The appeal court held that that the sentence imposed by the sentencing judge falls within a recognized range for an impaired driver who, though a repeat offender, has succeeded in rehabilitation since arrest. While the judge’s emphasis was on rehabilitation, the appeal court said that it cannot be said that the judge gave no consideration or weight to denunciation and deterrence. The imposition of a lifetime driving ban is rare, and falls within the realm of deterrence and public protection, found the appeal court.
“The Criminal Code says that rehabilitation must be considered,” said Mia Manocchio, a Sherbrooke criminal defence lawyer. “It doesn’t say that it should be considered more or less than denunciation. Now the trial judge decided to give rehabilitation a lot of importance. That’s his prerogative. That’s why the Court of Appeal said who are we to get involved in the case and say that he is wrong. However, if the sentence hearing was held before another judge, it could have been a completely different sentence.”

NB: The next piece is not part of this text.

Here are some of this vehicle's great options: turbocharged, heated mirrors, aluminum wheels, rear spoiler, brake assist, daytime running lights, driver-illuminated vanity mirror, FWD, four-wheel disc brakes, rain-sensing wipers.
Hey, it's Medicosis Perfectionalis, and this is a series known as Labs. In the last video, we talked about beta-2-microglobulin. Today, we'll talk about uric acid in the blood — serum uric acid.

The sentence was lenient by most standards because Fleisher succeeded in completing his addiction treatment program and because he has volunteered extensively in programs aimed at preventing and deterring others from drinking and driving – an exceptionally rare case, noted Montreal criminal defence lawyer Jean-Philippe Marcoux, an expert in defending accused facing impaired driving charges. Many complete rehabilitation programs but very few then become involved in community efforts to dissuade others from driving under the influence. That an expert testified on behalf of Fleisher certainly helped his case, added Marcoux. “Whether we like or not, unless there is clear evidence to the contrary, judges are likely to think that it’s only a matter of time before they repeat the offence because that’s what they did in the past,” said Marcoux. “In this case there was an expert who testified that it was important that Fleisher complete his therapy before his prison sentence because otherwise there could serious consequences for him.”

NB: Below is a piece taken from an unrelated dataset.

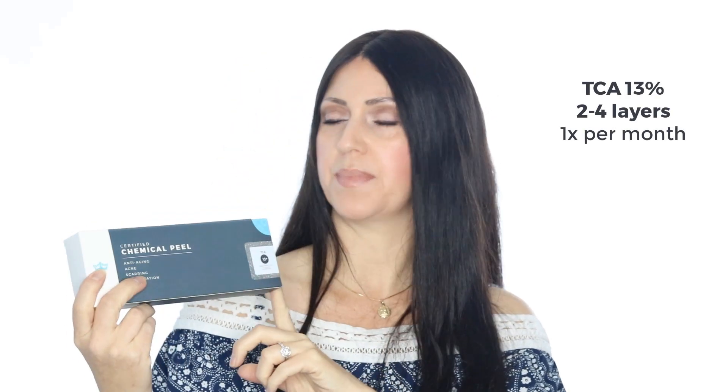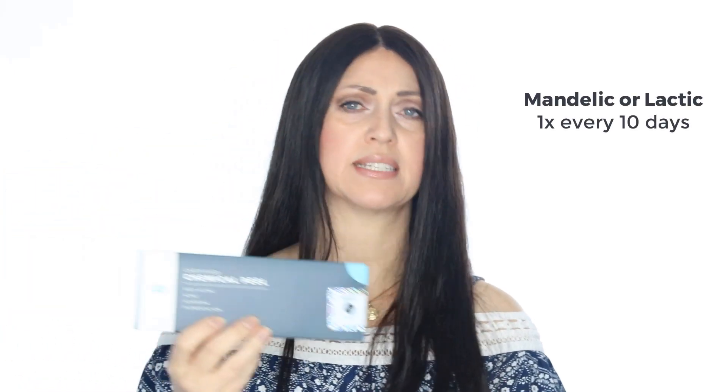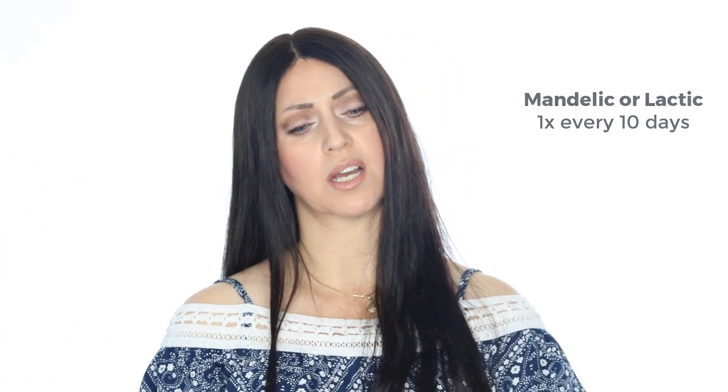TCA 13% at two to four layers, one time per month, is another excellent option as long as you've pre-treated properly for at least two weeks prior to applying your acid. There are also some minor peels that are options: mandelic, azelaic 22%, and lactic 50%. These can be done one time every 10 days or so and will need a complete series of eight for a good result, and you may need to redo another series.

The reach of the ruling remains to be seen, given the “exceptional circumstances” of the case, said criminal defence lawyers. While the ruling does not create jurisprudence, it does underline that rehabilitation and individualized sentences do have a place in the Canadian justice system, added the criminal defence lawyers. “It’s good to see that in Canada, where there has been a lot of talk by the Conservative government to impose minimum sentences, that this judgment helps to show that there are other options than simply locking the person up. Sentencing is not a mathematical formula. There are individual factors at play and that should vary the sentence, so it is important to give judges the power to do that.”